PROBLEM DETAILS: Render every line of the data exactly as written, and leave out the pictures.

Segment Start: DATA BLOCK

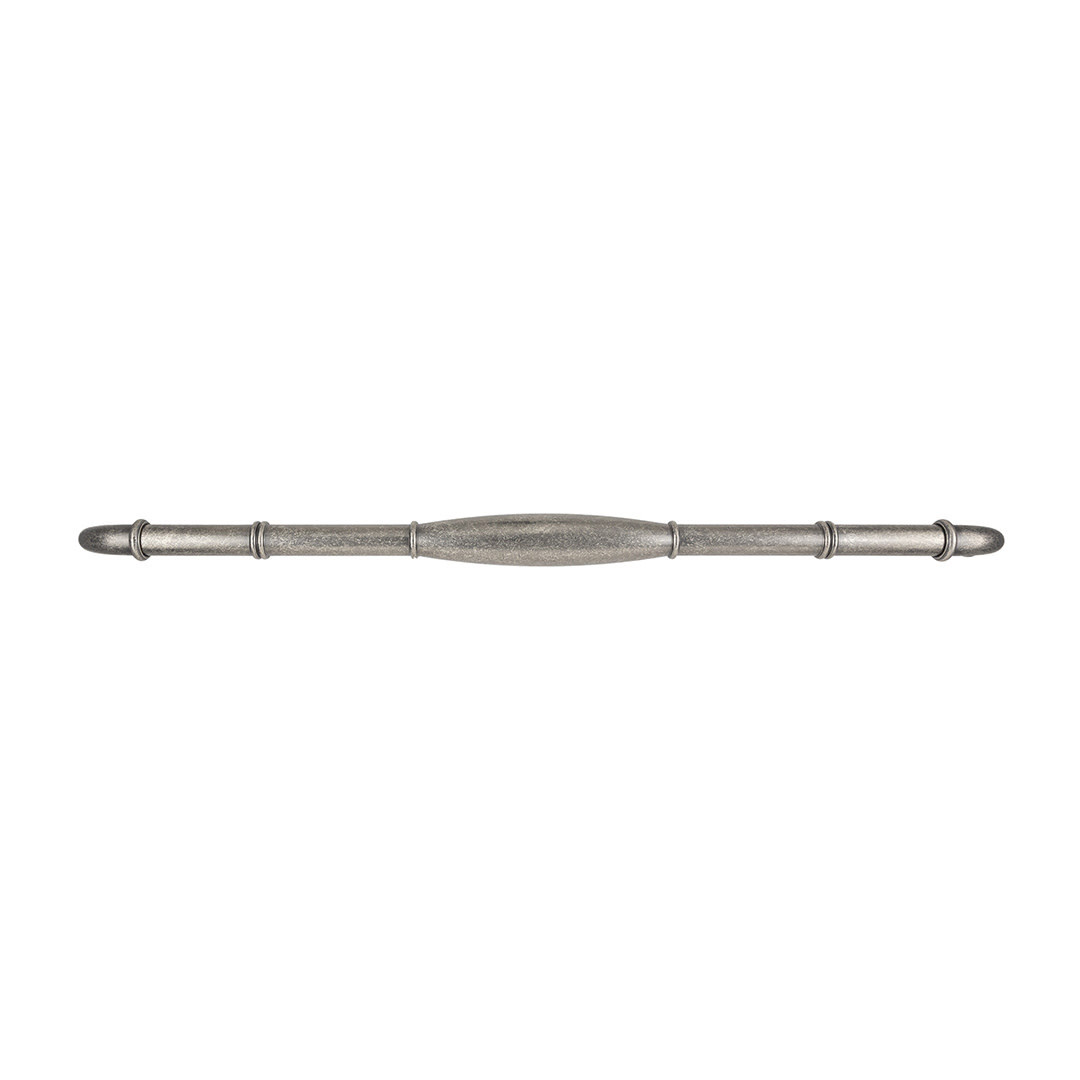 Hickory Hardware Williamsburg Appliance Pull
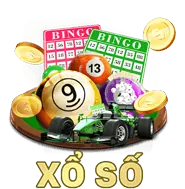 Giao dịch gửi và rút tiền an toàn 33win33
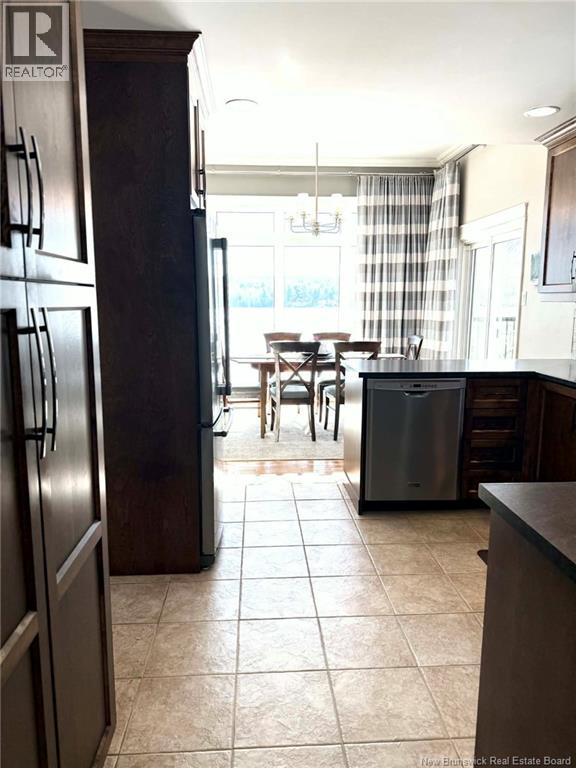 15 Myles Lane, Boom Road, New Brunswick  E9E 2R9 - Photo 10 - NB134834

Segment End: DATA BLOCK

ANSWER TO THE PROBLEM:
 Hickory Hardware Williamsburg Appliance Pull
 Giao dịch gửi và rút tiền an toàn 33win33
 15 Myles Lane, Boom Road, New Brunswick  E9E 2R9 - Photo 10 - NB134834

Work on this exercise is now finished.